Frenemy #1 (Let's call her Sue)
Phase One: The Honeymoon Phase
Sue was my best friend in high school and for many years after. We swore that our bond was as strong as blood. We were "sisters" and would be for life. I really have no complaints about her during our high school years, and even the six years after high school. Our friendship even survived our living in different states for many of those years.
Phase Two: The Deterioration Phase
The first time I realized something was off, was when my 21st Christmas rolled around. I was working full time at San Francisco Airport, for $6.10/hr. It was very low pay, even for the time, and especially in that area. Though I had two roommates, and took the bus everywhere in lieu of owning a car, I could still barely make ends meet. I asked Sue, who was going to college up in Oregon (an only child living on her parents' dime), if we could skip the present exchange that year, since things were so tight.

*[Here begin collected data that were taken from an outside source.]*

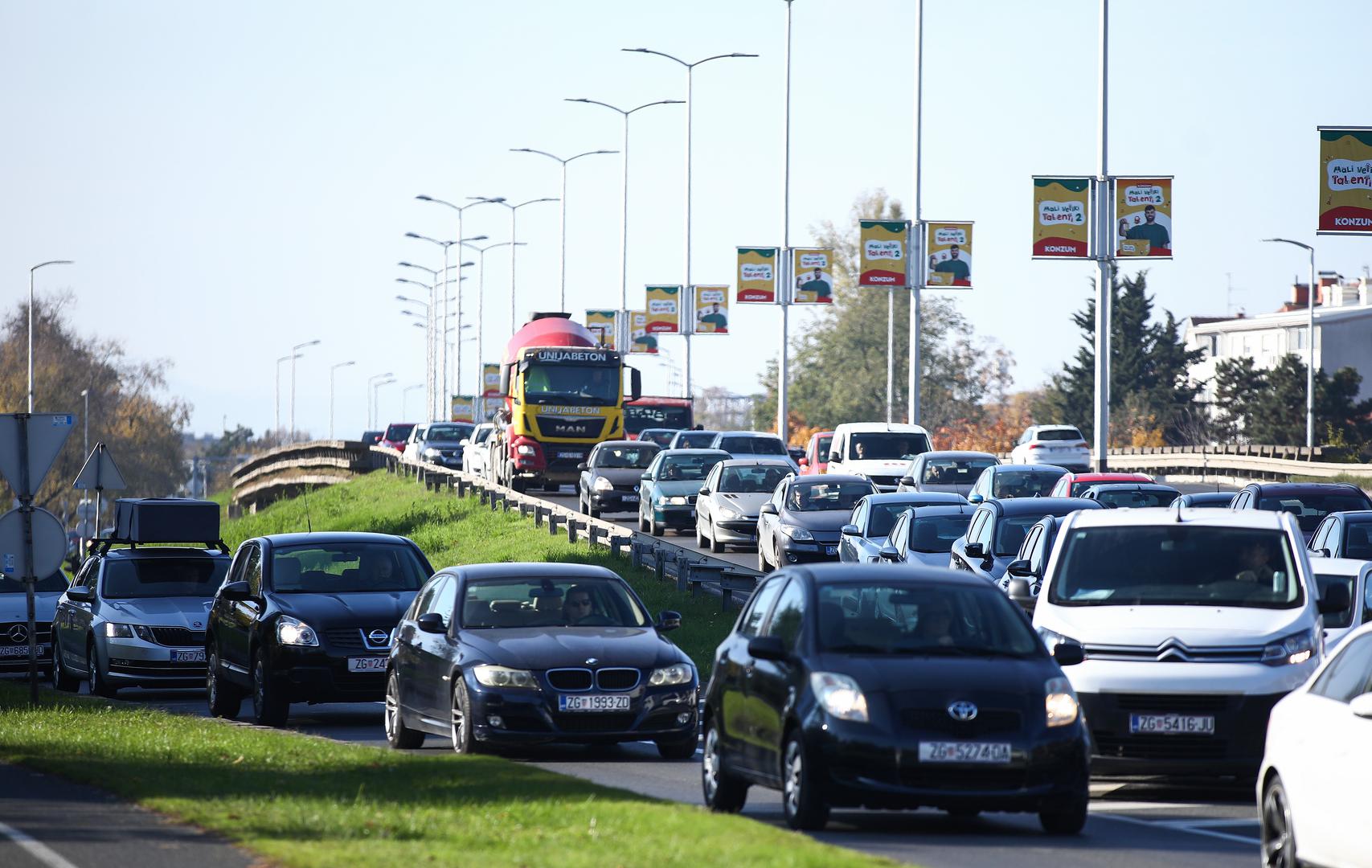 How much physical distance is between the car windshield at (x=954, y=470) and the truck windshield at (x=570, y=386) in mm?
15515

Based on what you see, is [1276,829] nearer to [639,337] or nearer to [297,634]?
[297,634]

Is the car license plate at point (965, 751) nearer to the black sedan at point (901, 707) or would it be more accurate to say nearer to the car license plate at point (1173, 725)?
the black sedan at point (901, 707)

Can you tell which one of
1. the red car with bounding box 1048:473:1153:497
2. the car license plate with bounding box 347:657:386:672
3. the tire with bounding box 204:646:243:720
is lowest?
the tire with bounding box 204:646:243:720

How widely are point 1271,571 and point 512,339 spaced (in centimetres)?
4151

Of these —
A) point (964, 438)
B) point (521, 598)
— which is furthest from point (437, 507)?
point (964, 438)

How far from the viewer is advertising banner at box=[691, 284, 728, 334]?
74.5 meters

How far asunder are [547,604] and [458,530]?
104ft

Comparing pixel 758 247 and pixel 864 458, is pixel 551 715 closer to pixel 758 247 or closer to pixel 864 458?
pixel 864 458

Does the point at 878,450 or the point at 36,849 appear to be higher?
the point at 878,450

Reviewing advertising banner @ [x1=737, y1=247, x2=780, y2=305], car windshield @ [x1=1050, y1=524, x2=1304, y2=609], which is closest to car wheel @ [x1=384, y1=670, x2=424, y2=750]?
car windshield @ [x1=1050, y1=524, x2=1304, y2=609]

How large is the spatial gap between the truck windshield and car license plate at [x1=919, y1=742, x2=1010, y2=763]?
41615 millimetres

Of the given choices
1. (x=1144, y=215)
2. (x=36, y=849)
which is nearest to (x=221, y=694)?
(x=36, y=849)

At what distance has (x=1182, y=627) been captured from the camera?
13.8m

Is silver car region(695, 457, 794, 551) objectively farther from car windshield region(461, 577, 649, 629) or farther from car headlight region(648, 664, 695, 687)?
car headlight region(648, 664, 695, 687)
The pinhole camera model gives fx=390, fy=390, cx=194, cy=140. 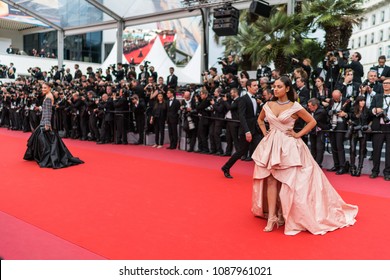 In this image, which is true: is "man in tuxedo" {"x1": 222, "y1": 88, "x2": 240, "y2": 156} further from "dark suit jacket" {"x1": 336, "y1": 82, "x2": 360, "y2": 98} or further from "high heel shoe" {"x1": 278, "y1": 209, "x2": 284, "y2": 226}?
"high heel shoe" {"x1": 278, "y1": 209, "x2": 284, "y2": 226}

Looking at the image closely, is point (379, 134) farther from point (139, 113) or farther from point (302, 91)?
point (139, 113)

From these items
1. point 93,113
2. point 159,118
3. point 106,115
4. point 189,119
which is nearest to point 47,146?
point 189,119

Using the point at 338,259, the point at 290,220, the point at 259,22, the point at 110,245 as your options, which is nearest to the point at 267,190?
the point at 290,220

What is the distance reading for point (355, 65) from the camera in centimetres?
948

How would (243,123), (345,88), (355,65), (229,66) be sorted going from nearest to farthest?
(243,123), (345,88), (355,65), (229,66)

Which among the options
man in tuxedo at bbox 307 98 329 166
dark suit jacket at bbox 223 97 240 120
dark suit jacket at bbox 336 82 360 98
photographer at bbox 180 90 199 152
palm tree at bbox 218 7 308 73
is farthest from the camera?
palm tree at bbox 218 7 308 73

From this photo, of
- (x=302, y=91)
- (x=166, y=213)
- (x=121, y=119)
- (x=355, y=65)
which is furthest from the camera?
(x=121, y=119)

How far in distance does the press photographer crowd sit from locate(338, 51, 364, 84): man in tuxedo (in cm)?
2

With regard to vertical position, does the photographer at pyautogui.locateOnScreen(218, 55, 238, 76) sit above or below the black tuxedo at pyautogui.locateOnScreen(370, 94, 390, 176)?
above

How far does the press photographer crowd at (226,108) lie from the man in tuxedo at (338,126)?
2cm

Sue was upset. Presents were important. Presents show you care. But she wasn't a greedy monster of course, so she said we could do our exchange AFTER Christmas (We were only seeing each other once a month when I used my flight benefits to go visit her, and okay, to visit my orthodontist too.) So the next time I saw her was early February. I had used every extra penny I made in January to get something I thought Sue would really like. A beautiful music box from the famous San Francisco Music Box Company. Since the whole present exchange was so important to her, I didn't want to let her down. The box was expensive (to me). It was charming. It had adorable little penguins on the top that skated around when the box was turned on. I knew she would love it.
When I arrived at Sue's dorm, I happily handed over the wrapped box to her. "Merry Christmas!" I said with a smile.

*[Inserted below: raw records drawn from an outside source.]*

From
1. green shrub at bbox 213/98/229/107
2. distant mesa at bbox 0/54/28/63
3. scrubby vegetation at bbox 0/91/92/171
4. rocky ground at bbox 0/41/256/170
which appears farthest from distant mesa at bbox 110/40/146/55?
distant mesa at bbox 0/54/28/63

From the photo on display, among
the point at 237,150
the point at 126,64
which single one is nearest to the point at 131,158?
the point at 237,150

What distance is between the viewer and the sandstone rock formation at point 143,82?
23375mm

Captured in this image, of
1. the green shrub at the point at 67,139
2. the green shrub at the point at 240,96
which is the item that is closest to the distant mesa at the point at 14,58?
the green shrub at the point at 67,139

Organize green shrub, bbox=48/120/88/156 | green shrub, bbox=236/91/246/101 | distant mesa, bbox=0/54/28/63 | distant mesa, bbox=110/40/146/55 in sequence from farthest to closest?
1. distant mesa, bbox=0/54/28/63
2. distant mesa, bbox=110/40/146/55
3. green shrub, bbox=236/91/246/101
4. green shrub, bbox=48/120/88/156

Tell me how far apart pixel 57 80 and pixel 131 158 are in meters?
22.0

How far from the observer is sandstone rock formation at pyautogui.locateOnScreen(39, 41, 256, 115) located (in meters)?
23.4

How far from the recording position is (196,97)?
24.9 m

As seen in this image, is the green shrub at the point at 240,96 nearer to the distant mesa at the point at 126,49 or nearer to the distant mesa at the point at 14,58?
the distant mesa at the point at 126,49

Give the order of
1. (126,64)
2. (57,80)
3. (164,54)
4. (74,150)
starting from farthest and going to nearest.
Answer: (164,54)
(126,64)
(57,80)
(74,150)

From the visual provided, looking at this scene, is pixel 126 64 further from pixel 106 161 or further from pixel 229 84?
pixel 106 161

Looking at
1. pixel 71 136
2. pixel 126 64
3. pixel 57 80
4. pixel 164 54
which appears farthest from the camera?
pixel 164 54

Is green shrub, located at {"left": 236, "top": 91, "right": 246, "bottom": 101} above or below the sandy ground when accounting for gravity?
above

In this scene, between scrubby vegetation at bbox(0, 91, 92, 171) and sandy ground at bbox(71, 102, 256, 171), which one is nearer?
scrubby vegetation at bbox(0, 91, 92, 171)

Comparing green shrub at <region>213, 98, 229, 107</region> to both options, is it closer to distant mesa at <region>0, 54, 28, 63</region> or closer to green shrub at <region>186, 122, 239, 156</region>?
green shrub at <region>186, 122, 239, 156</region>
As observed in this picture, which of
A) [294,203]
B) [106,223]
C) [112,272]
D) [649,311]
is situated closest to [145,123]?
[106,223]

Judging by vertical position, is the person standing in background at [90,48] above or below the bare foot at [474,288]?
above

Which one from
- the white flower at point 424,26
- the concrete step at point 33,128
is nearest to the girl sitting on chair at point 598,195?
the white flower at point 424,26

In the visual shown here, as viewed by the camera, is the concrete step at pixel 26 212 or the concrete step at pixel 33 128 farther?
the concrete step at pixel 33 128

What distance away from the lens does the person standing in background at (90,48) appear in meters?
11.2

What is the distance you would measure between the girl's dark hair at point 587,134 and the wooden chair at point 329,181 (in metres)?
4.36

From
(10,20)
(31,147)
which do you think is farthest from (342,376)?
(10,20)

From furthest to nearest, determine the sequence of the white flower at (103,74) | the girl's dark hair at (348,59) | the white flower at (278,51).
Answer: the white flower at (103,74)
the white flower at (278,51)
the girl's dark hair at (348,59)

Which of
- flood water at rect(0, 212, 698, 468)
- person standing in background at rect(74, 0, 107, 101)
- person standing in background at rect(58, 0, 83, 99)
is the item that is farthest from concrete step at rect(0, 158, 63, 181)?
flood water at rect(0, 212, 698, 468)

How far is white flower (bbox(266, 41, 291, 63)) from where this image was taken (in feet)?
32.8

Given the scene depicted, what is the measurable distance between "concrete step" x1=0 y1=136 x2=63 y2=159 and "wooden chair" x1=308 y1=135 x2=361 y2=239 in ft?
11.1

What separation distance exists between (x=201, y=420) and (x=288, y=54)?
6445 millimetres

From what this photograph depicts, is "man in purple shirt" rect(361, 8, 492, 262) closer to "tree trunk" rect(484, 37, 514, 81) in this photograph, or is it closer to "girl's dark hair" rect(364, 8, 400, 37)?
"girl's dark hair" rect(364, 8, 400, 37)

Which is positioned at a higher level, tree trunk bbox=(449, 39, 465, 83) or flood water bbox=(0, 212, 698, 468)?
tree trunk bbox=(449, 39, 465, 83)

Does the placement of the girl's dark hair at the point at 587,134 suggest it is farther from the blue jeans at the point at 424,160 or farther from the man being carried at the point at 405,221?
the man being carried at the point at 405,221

"Oh! I forgot all about that," said Sue.
Sue did love her gift, and said she'd get me one later.
I never cared about getting a gift in the first place. Which is good. She never got me one.
A couple of years later we both moved back to our hometown. We got together at least once a week, for lunch or just hanging out. It was pretty good most of the time. At this point, however, there were some unpleasant aspects that had become typical and expected. When my birthday was fast approaching, Sue asked what I wanted to do. Since our evening visits always included her boyfriend, I said that I'd like a "Girls' night out", just the two of us, to go out for some music, maybe dancing, and dinner. She asked what present I'd like. I said I would love a gift card for a manicure from the beauty school. The beauty school was literally one door over from where Sue worked, and their manicures were only three dollars.
Instead of going out, Sue 'surprised' me with a birthday party in her home instead. With just herself, her boyfriend (of course) and a male co-worker that I was only acquainted with. She also gave me an I.O.U. for the manicure. If I'd ever expected her to get me the actual gift card, I'd still be waiting, decades later.